▶ **Stored items from a collection**:
+ + + + + + +

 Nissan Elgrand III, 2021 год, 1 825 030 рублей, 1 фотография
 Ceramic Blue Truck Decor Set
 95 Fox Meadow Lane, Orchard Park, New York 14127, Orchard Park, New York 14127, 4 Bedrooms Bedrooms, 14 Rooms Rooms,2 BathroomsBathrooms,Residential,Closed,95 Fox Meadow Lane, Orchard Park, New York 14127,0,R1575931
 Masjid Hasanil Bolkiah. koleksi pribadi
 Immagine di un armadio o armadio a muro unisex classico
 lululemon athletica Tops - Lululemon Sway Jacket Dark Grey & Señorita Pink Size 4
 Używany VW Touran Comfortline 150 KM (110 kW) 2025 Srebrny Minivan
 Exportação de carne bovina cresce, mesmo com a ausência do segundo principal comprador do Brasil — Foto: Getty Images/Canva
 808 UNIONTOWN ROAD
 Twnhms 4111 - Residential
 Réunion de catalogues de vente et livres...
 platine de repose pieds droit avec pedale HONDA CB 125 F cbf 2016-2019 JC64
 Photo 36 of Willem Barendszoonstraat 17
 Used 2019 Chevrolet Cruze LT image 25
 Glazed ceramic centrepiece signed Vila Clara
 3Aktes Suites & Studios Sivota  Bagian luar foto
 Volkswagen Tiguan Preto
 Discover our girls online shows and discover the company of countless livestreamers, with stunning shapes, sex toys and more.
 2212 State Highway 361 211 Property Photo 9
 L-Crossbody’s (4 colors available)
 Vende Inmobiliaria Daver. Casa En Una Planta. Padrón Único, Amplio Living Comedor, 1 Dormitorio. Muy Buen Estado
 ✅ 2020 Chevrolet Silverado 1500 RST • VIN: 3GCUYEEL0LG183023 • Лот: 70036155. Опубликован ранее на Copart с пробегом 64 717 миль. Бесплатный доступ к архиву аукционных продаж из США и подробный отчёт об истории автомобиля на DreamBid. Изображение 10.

+ + + + + + +

▶ **WORK TO BE COMPLETED**:
If a line falls between the first line of the data above and the line holding "Ceramic Blue Truck Decor Set", inclusive, retype it exactly; retype no other line.

▶ **YOUR SOLUTION**:
 Nissan Elgrand III, 2021 год, 1 825 030 рублей, 1 фотография
 Ceramic Blue Truck Decor Set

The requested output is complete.